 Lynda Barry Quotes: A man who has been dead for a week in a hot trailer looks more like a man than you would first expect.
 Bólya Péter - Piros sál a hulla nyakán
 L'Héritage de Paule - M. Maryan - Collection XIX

...

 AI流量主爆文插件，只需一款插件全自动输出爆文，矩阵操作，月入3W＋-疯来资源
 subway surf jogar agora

*Problem statement*.
Working from the material above, restate word for word the lines between the line with "Bólya Péter - Piros sál a hulla nyakán" and the line with "L'Héritage de Paule", both included, and only those.

*Reply to the task*.
 Bólya Péter - Piros sál a hulla nyakán
 L'Héritage de Paule - M. Maryan - Collection XIX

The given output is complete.